- _TO DO_: Would you retype exactly the lines below, starting with the one that has "a man is sitting" and going on through the one that has "Hiker with trekking", with no pictures and nothing else?

- _SUPPLIED INFORMATION_:
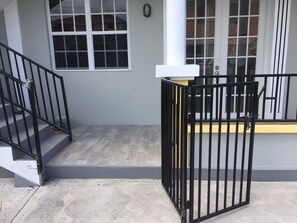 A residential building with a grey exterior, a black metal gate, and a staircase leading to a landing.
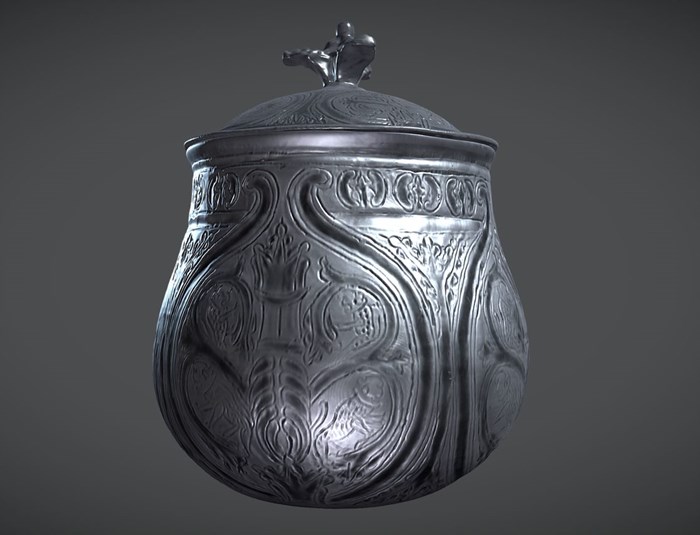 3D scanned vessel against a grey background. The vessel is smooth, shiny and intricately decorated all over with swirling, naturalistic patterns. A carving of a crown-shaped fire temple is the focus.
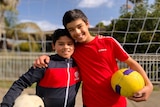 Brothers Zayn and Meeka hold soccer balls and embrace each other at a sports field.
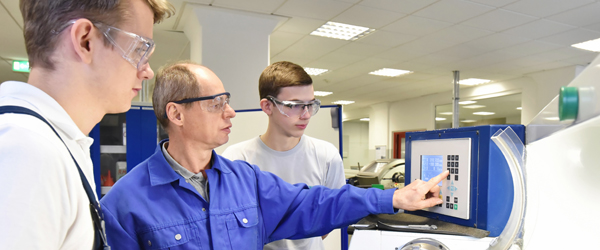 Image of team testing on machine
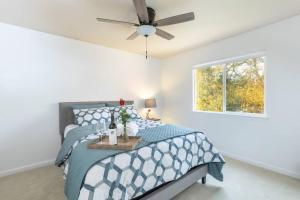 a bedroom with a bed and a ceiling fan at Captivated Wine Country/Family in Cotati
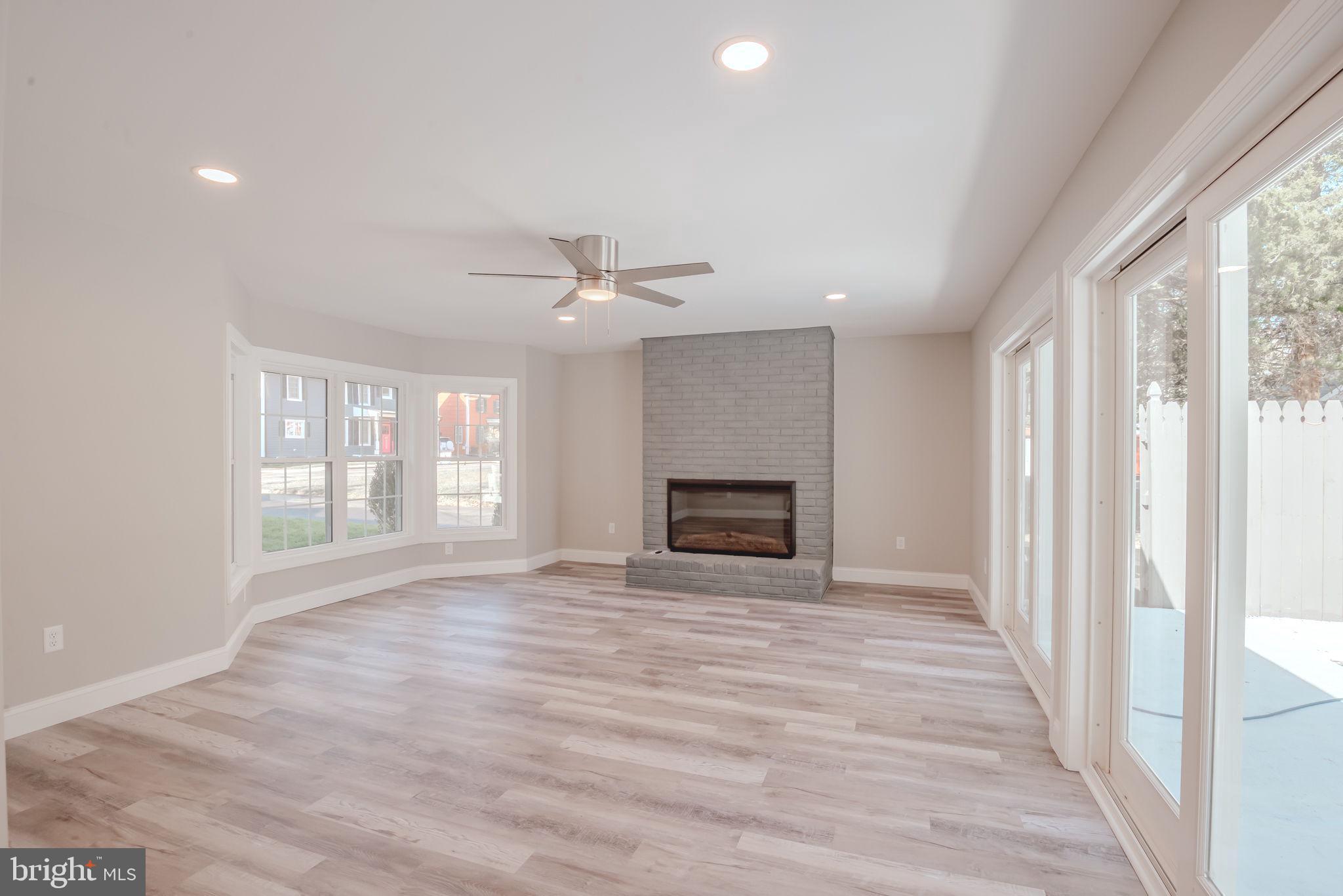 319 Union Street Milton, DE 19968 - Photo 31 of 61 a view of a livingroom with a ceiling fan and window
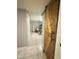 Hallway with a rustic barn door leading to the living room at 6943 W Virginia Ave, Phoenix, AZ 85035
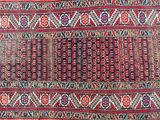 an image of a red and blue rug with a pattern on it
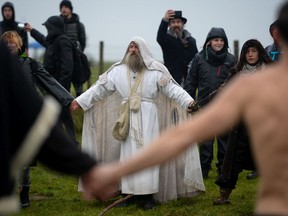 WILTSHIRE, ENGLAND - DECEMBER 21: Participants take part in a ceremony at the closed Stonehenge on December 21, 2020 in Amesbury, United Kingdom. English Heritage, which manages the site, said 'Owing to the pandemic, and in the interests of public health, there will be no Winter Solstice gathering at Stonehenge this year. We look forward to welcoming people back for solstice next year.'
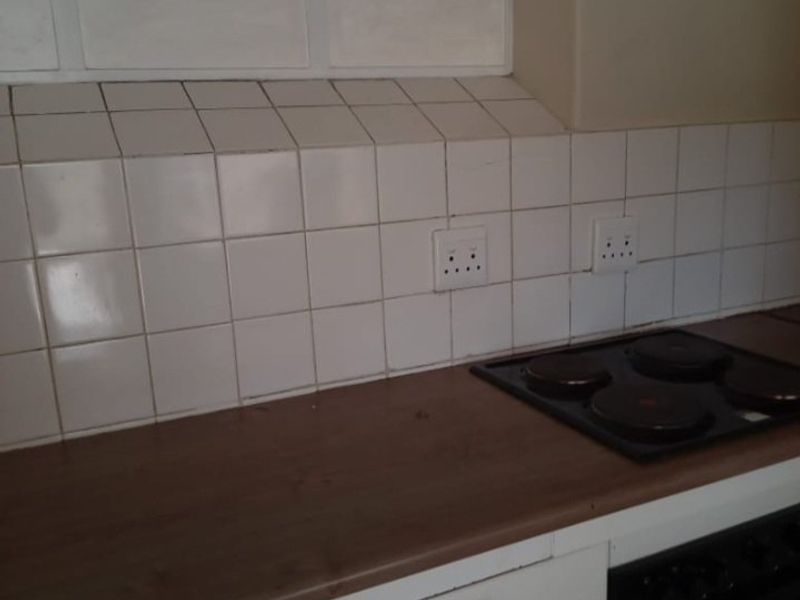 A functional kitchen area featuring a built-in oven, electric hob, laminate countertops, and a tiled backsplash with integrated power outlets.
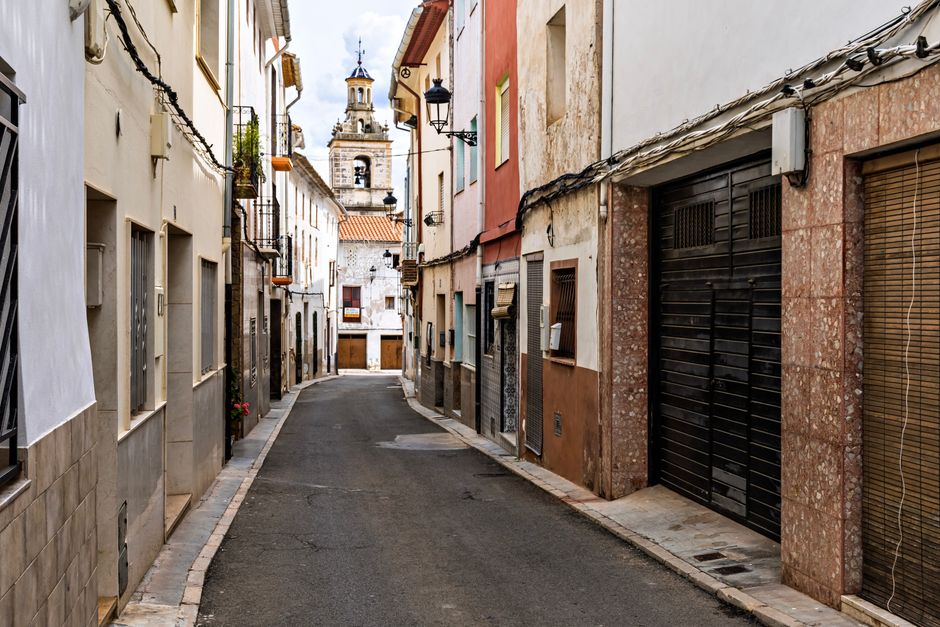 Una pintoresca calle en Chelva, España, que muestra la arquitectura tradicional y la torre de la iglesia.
* * *
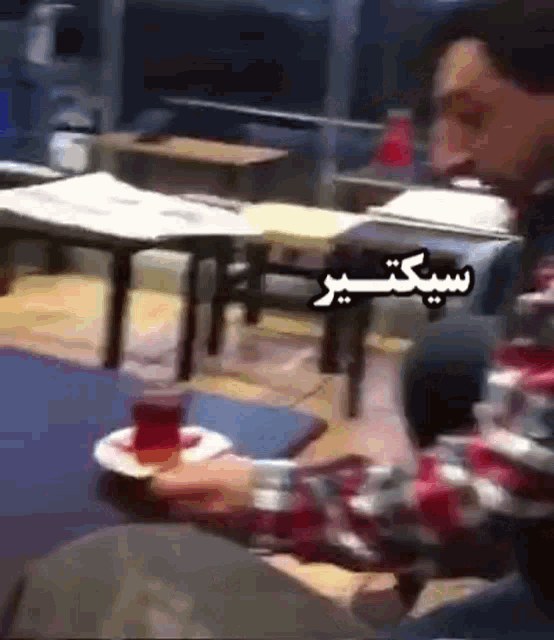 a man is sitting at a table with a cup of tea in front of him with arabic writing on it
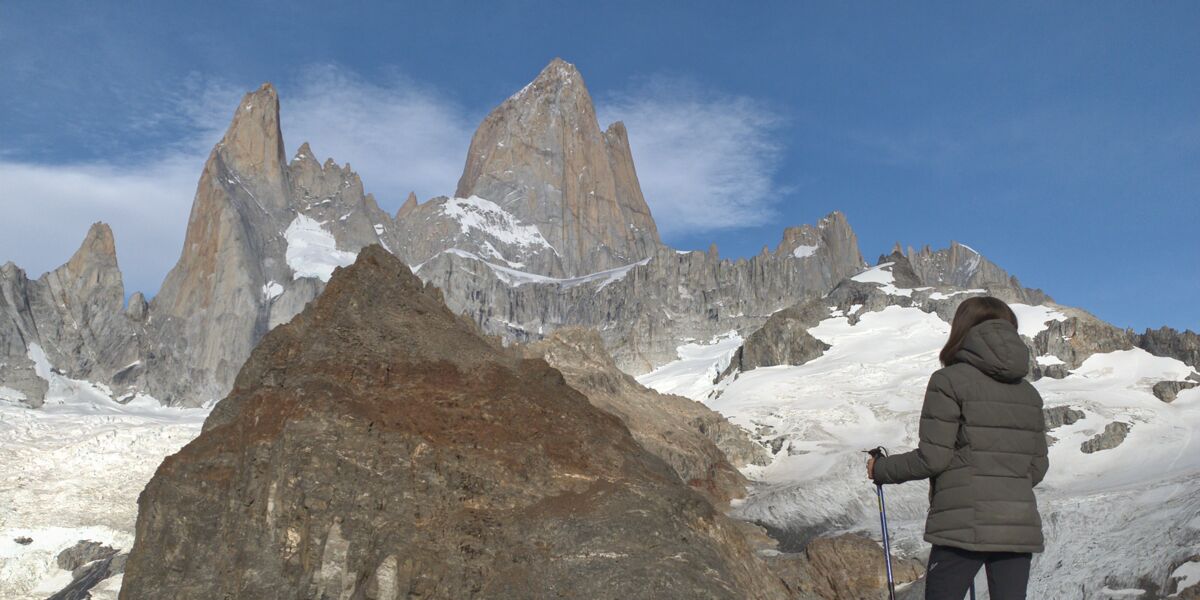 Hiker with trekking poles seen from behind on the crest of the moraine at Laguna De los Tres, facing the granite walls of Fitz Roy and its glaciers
* * *
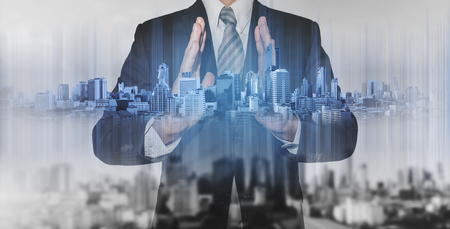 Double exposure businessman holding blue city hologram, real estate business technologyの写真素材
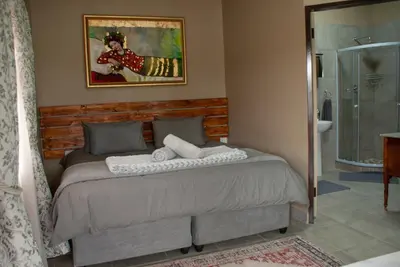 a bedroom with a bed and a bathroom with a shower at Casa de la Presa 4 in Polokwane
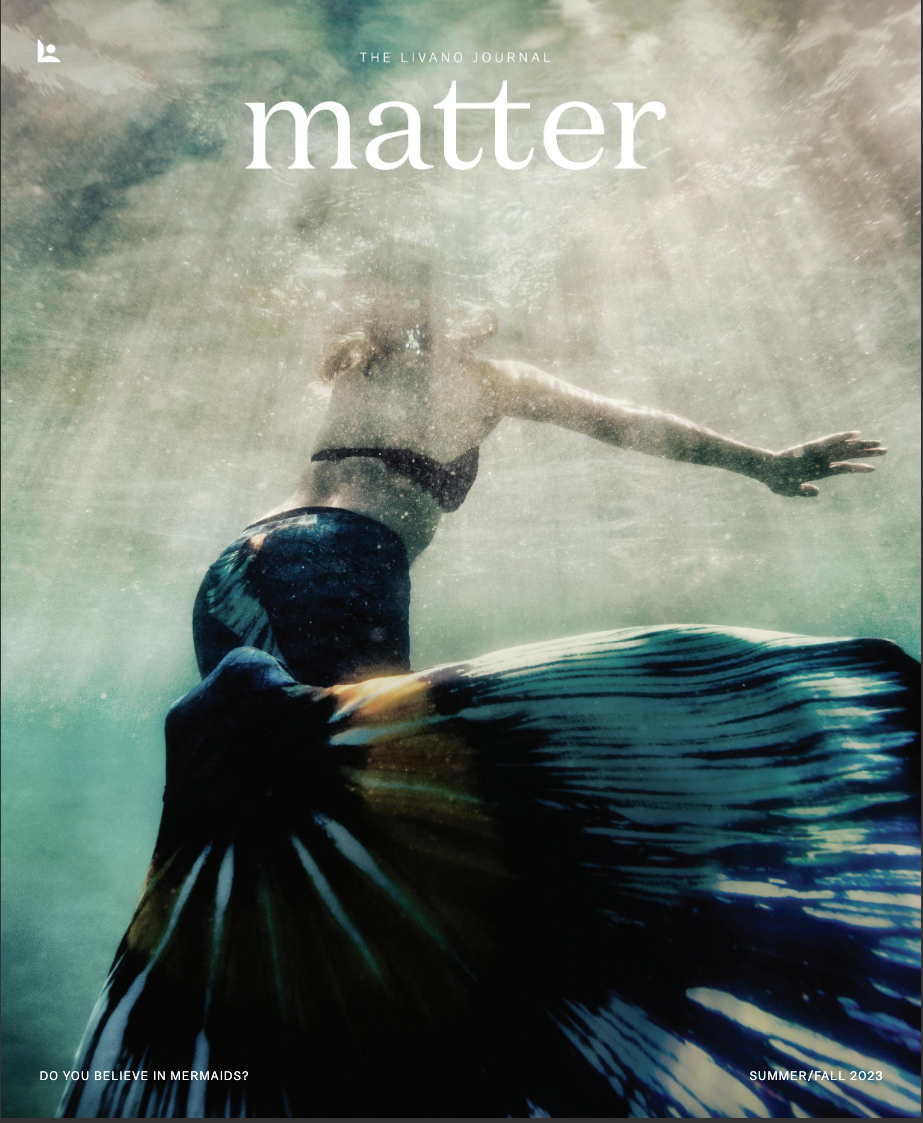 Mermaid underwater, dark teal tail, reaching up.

- _ANSWER TO THIS PROBLEM_:
 a man is sitting at a table with a cup of tea in front of him with arabic writing on it
 Hiker with trekking poles seen from behind on the crest of the moraine at Laguna De los Tres, facing the granite walls of Fitz Roy and its glaciers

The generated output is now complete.